After finding the line with "Numarine 22xp Hull" in the data below, set down exactly each line through the one with "May include: A", inclusive, and stop there.

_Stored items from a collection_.
***
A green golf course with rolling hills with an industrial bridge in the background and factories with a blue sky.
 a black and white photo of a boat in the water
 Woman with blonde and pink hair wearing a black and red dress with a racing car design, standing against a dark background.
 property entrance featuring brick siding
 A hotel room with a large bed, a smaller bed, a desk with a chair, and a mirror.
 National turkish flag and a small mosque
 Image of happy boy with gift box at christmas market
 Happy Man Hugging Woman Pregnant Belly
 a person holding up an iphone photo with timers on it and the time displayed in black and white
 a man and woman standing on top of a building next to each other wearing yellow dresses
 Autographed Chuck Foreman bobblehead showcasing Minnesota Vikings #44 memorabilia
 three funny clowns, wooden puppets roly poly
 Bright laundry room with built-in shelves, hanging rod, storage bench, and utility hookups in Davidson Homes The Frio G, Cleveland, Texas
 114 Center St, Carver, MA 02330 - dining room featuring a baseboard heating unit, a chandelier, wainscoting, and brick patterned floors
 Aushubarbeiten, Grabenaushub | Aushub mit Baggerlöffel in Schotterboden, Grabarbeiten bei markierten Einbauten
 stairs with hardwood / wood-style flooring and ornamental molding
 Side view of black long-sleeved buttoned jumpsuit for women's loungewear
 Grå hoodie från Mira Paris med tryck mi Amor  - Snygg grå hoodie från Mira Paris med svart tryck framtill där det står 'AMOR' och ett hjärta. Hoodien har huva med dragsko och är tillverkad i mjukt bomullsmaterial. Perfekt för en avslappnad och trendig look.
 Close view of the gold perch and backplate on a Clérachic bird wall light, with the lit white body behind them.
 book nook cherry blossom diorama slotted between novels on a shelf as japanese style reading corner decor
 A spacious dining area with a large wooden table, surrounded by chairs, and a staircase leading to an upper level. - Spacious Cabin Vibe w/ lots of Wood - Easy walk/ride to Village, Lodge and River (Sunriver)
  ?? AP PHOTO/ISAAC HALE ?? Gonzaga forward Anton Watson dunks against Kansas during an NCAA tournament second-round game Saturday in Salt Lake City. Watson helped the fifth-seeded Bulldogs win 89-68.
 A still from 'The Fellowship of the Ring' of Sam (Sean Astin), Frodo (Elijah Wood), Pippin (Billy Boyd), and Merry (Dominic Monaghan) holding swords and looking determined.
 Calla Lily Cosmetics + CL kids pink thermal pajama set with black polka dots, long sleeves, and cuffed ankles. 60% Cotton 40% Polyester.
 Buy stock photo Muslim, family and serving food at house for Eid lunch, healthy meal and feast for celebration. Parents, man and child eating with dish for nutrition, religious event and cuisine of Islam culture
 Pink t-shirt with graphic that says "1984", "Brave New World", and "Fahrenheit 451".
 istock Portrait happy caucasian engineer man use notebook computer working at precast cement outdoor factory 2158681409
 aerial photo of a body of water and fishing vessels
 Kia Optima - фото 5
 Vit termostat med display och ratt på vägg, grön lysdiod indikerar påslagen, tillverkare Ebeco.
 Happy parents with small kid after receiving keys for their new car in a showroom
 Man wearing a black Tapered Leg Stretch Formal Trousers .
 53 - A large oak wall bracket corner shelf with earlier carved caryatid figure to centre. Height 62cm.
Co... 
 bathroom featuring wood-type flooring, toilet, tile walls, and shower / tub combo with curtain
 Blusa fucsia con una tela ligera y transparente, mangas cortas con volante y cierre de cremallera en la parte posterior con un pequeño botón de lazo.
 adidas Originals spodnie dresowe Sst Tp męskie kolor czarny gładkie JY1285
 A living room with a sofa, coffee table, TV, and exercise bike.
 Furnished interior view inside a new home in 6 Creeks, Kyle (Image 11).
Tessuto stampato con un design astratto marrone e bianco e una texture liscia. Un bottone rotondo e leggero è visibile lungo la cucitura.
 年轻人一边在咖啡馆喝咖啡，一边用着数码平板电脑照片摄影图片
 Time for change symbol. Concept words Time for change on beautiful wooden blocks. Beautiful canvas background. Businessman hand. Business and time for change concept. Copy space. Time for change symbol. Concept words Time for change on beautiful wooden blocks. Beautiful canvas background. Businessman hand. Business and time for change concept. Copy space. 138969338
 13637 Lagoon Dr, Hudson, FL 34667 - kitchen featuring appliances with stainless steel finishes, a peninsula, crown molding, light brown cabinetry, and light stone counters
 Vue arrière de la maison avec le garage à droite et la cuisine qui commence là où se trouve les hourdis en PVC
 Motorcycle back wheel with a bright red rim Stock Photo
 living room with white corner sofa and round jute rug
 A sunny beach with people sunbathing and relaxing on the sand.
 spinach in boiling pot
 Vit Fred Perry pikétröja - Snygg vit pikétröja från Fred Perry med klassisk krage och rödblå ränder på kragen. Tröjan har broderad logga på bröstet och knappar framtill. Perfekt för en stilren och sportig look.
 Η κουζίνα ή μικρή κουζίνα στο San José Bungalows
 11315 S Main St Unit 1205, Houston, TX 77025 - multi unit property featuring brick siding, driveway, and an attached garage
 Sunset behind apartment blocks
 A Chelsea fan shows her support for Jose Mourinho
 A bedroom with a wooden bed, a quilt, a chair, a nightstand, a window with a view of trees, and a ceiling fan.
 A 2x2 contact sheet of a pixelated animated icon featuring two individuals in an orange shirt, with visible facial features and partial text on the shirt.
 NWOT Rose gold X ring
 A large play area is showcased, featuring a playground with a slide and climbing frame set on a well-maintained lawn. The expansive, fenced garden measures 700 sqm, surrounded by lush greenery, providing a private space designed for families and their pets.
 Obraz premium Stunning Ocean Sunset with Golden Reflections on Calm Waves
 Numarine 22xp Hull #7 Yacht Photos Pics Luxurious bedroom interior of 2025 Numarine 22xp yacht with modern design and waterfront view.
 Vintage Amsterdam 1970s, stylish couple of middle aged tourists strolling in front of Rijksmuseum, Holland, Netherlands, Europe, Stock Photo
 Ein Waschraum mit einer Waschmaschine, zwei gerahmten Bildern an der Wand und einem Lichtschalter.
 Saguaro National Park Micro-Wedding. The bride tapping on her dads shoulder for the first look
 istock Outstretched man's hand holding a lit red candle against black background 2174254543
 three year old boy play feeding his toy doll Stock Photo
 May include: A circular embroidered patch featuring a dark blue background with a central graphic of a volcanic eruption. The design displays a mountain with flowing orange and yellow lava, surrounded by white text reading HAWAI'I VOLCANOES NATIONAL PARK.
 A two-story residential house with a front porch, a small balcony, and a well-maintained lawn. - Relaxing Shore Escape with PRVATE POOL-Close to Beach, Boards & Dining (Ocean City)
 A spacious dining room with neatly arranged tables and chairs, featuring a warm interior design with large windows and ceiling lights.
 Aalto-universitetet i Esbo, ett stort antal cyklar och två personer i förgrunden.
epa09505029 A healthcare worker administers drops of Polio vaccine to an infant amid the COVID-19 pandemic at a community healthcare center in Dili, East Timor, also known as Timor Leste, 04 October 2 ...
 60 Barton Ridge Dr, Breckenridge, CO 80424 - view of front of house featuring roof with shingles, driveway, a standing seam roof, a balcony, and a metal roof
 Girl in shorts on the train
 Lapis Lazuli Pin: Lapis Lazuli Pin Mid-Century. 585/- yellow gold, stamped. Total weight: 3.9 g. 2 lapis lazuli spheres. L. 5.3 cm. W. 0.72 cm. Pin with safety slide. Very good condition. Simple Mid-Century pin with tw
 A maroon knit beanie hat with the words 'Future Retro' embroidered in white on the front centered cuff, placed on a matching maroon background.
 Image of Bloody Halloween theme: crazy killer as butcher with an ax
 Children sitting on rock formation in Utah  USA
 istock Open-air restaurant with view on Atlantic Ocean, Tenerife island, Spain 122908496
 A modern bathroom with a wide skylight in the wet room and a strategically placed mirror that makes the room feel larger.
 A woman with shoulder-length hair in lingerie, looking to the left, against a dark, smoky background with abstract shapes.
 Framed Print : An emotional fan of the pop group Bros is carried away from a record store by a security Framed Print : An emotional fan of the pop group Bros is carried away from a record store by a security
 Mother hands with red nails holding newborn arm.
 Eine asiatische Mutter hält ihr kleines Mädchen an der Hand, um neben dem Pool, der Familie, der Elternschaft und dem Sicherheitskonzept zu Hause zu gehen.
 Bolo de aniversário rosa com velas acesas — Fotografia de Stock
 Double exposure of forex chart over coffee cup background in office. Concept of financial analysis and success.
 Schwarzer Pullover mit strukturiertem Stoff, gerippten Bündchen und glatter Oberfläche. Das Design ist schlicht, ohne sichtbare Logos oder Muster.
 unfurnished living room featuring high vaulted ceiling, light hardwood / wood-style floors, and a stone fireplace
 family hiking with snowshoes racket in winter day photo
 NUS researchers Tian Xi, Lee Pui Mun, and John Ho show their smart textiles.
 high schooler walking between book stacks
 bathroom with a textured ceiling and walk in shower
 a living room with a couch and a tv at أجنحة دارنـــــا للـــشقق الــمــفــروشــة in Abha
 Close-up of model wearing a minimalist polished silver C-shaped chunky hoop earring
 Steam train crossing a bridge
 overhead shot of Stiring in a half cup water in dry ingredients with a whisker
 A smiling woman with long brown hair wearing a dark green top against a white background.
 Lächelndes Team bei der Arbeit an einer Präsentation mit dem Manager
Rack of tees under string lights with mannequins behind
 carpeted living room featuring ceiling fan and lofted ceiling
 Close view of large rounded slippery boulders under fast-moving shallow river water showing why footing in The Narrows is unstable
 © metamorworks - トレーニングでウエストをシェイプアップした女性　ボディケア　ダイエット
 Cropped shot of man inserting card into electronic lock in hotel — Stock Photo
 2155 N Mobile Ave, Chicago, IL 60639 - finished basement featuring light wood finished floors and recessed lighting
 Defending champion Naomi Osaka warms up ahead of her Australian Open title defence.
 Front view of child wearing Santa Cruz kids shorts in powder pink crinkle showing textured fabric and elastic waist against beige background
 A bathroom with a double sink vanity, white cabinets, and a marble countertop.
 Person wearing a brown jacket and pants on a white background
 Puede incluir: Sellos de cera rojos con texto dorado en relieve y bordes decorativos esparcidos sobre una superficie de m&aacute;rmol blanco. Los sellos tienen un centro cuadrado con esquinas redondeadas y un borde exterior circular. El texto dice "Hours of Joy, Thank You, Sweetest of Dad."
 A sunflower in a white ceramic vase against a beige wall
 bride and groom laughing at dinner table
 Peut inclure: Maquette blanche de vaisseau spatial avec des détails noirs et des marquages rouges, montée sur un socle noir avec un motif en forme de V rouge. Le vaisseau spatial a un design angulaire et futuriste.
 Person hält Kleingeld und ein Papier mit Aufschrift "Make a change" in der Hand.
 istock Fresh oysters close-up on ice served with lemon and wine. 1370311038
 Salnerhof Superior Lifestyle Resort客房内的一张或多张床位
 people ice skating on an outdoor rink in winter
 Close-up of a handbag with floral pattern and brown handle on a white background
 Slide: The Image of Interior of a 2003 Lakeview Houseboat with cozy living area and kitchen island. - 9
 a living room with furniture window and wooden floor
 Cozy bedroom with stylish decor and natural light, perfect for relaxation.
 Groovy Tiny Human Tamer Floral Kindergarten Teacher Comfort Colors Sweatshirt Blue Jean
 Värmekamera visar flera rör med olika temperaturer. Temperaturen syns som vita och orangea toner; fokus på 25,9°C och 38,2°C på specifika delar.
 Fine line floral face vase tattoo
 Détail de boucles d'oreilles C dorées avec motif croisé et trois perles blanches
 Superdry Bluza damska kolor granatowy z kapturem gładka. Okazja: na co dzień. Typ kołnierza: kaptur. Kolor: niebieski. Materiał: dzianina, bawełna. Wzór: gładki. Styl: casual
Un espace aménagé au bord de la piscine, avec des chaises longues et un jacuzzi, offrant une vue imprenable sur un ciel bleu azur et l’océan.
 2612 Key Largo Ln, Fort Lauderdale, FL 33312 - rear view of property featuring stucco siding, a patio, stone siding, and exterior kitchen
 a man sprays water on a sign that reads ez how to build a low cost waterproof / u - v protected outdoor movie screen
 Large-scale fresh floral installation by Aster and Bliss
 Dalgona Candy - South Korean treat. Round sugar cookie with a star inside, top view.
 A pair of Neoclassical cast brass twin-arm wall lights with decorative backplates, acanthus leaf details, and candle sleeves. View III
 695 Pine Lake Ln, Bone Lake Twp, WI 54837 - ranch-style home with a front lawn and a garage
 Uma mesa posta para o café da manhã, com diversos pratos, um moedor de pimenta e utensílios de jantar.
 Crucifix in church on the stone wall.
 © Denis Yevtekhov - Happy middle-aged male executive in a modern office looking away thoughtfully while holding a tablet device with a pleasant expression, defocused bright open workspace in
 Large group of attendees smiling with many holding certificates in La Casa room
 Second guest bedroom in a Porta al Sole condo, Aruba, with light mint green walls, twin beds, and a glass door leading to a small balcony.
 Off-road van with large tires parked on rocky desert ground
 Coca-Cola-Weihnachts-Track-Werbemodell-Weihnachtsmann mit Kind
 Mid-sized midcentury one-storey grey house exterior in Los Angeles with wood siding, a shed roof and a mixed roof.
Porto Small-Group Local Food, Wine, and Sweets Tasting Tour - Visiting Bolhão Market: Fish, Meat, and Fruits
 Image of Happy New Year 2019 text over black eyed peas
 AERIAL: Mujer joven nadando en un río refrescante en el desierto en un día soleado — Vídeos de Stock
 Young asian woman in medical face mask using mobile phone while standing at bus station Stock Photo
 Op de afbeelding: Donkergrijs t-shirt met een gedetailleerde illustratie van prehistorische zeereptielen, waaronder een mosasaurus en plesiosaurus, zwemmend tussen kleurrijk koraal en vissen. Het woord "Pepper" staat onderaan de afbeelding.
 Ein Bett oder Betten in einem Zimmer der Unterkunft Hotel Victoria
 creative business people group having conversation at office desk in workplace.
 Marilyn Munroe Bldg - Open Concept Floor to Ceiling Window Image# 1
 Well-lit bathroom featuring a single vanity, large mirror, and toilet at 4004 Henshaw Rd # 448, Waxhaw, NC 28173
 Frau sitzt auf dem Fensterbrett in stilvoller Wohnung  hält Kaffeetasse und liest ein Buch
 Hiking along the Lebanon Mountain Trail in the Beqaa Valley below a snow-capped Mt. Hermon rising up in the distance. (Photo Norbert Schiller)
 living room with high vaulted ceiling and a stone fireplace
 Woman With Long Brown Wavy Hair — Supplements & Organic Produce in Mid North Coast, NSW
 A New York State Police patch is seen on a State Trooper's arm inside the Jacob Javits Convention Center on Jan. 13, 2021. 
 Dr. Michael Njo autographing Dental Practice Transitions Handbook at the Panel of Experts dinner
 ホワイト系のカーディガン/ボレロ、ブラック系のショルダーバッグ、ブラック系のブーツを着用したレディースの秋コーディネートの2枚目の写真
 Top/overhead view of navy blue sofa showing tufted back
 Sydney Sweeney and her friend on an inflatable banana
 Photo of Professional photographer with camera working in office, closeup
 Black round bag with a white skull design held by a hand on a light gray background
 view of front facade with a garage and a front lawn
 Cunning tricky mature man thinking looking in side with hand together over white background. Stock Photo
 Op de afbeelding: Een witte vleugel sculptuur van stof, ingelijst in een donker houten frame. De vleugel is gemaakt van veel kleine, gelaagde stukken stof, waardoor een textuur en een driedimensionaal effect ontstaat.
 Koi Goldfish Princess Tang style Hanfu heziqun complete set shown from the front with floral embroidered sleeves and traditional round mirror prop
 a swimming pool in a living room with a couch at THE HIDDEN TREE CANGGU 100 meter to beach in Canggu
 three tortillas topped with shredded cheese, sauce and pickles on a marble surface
***
_EXERCISE OUTPUT_.
 Numarine 22xp Hull #7 Yacht Photos Pics Luxurious bedroom interior of 2025 Numarine 22xp yacht with modern design and waterfront view.
 Vintage Amsterdam 1970s, stylish couple of middle aged tourists strolling in front of Rijksmuseum, Holland, Netherlands, Europe, Stock Photo
 Ein Waschraum mit einer Waschmaschine, zwei gerahmten Bildern an der Wand und einem Lichtschalter.
 Saguaro National Park Micro-Wedding. The bride tapping on her dads shoulder for the first look
 istock Outstretched man's hand holding a lit red candle against black background 2174254543
 three year old boy play feeding his toy doll Stock Photo
 May include: A circular embroidered patch featuring a dark blue background with a central graphic of a volcanic eruption. The design displays a mountain with flowing orange and yellow lava, surrounded by white text reading HAWAI'I VOLCANOES NATIONAL PARK.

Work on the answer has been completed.